At the crack of dawn on Saturday in London, the largest token by market value had fallen by more than 9 percent to $18,740.52, marking a record-breaking 12th straight day of losses, according to statistics from Bloomberg.

The price of Ether fell over 11% to $975.24, the lowest level since January 2021, after it breached $1,000.

In a note on Friday, Alkesh Shah, head of crypto and digital asset strategy at Bank of America Corp., stated that "investors are continuing to position defensively following last year's liquidity-driven digital asset bull market."

Investors will shift their attention to projects with clear road maps to cash flow and profitability rather than purely revenue growth if the froth in the sector is removed.

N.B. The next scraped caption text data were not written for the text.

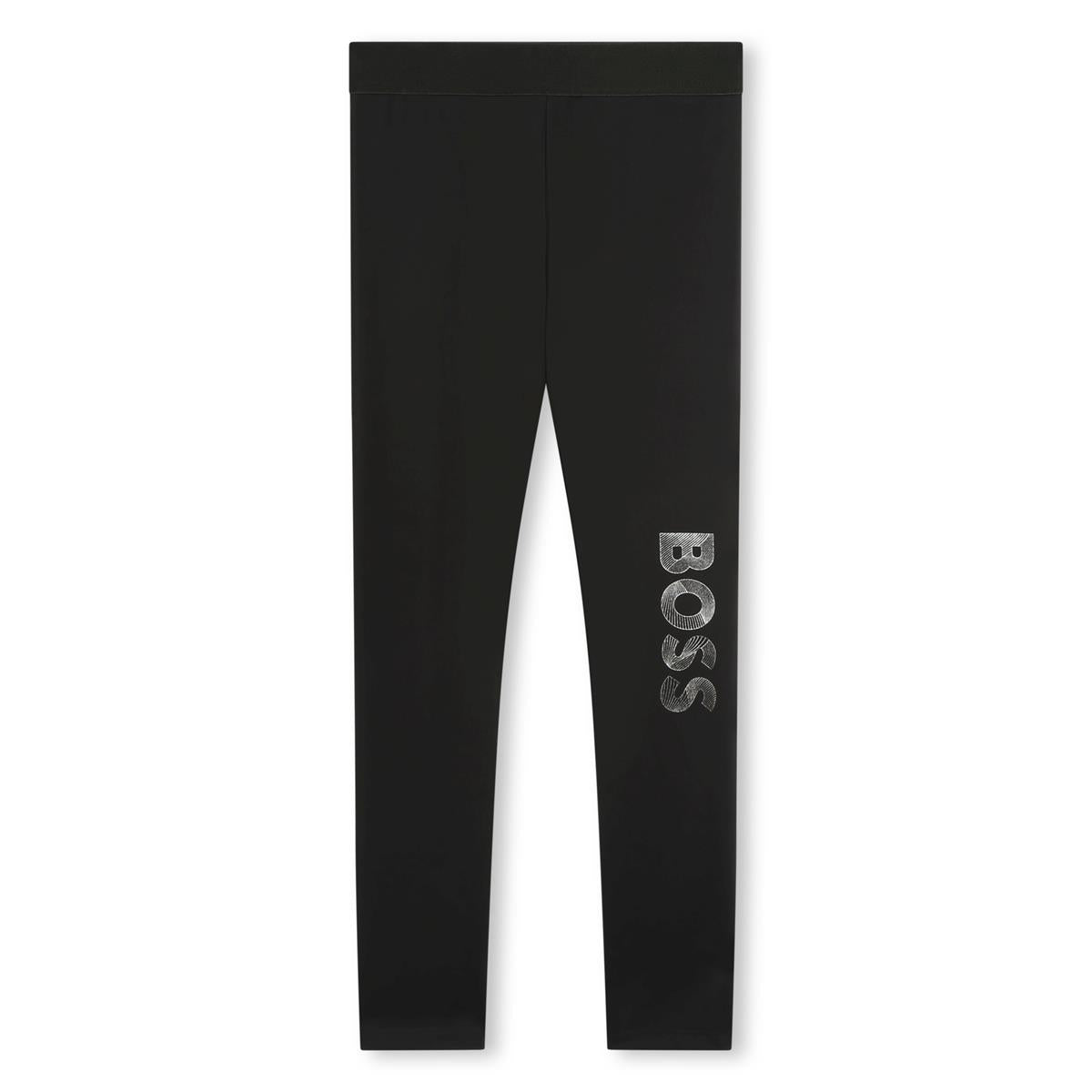Girls Black Leggings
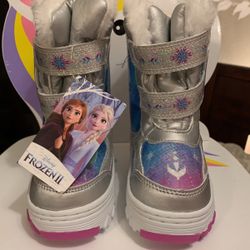 Disney FROZEN 11 Shoes Size 6 kids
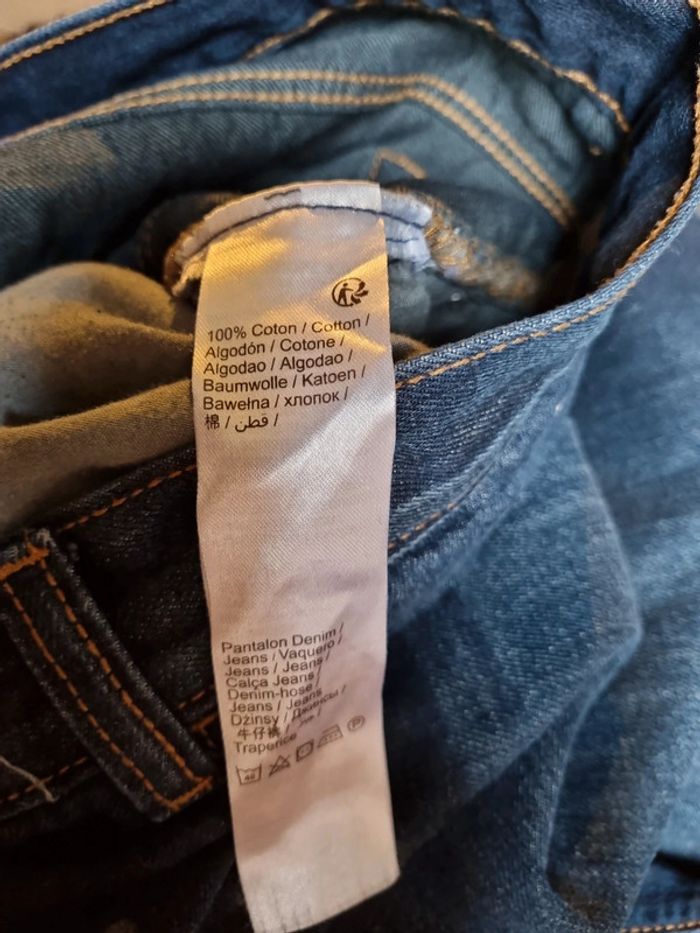 Pantalon jean homme - photo numéro 7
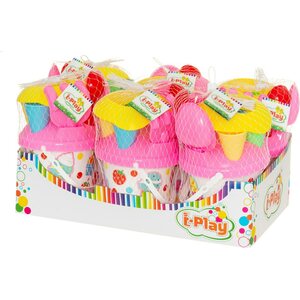 Play hiekkalelusetti jäätelö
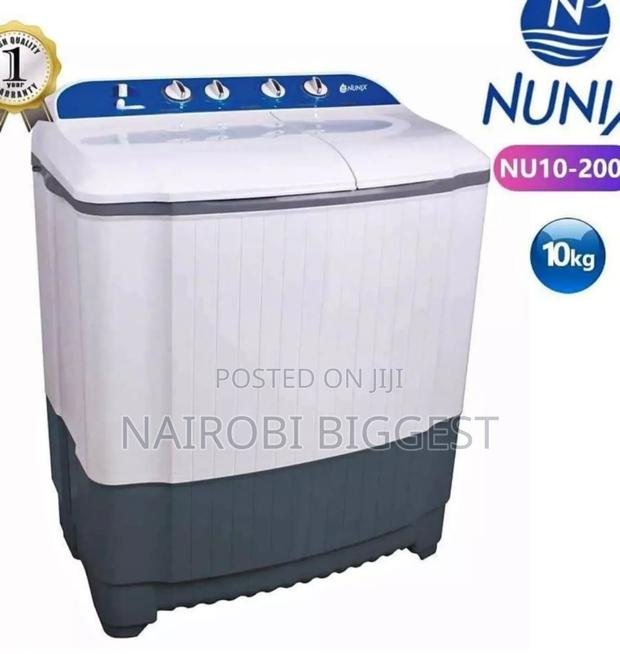 Nunix 10kg Twin Tub Washing Machine - main view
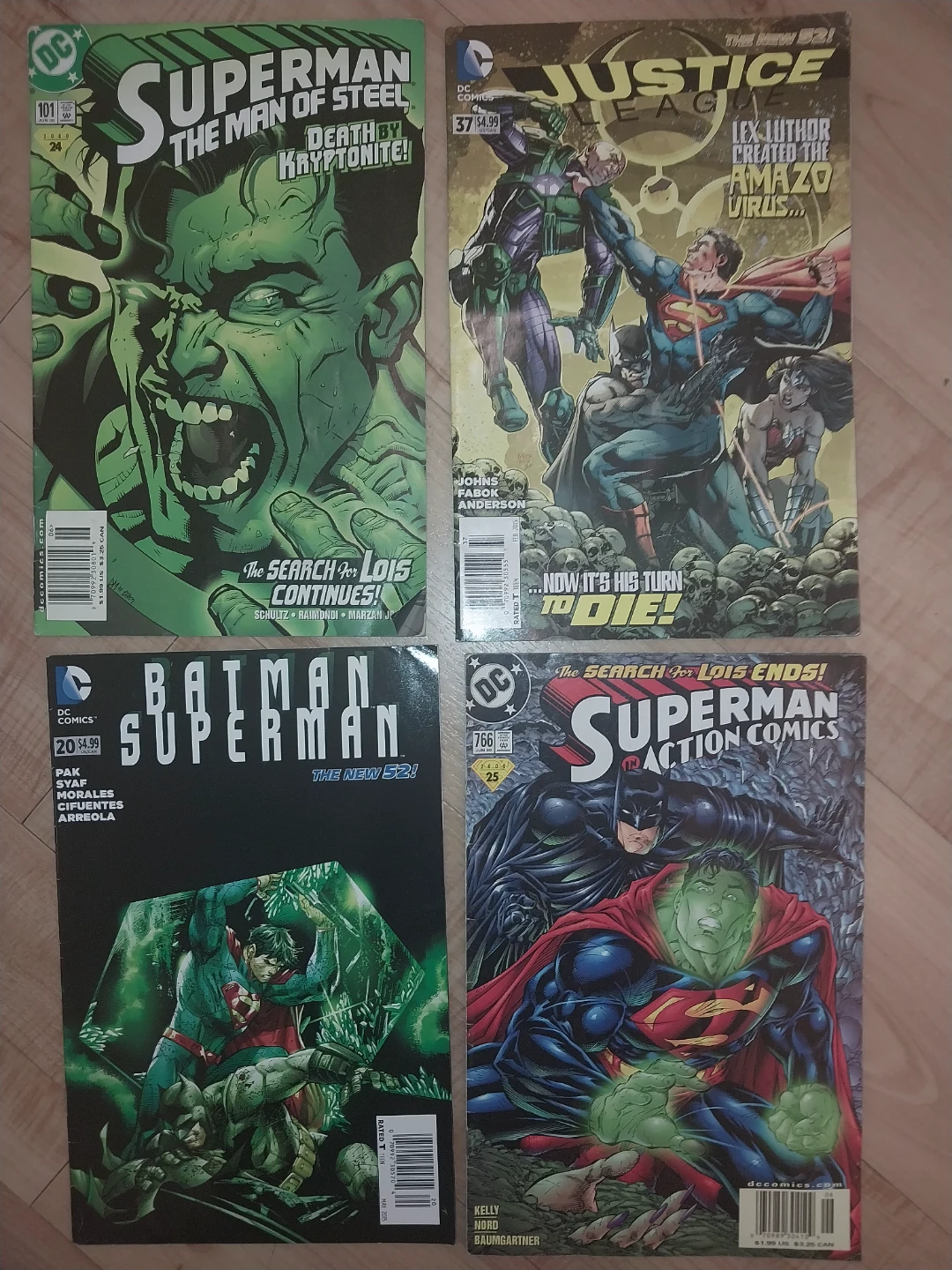 DC Multiverse Batman Earth - 1 & Superman Action Figure 2-Pack - photo 2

There has been a toxic mix of bad news cycles and increased interest rates, which has been detrimental to riskier assets like cryptocurrency. This has contributed to a decline of almost 70 percent in Bitcoin's price since it reached its all-time high in November.

After a three-quarters of a percentage point hike on June 15, the Federal Reserve signaled that it intends to keep raising interest rates rapidly this year in order to rein in inflation.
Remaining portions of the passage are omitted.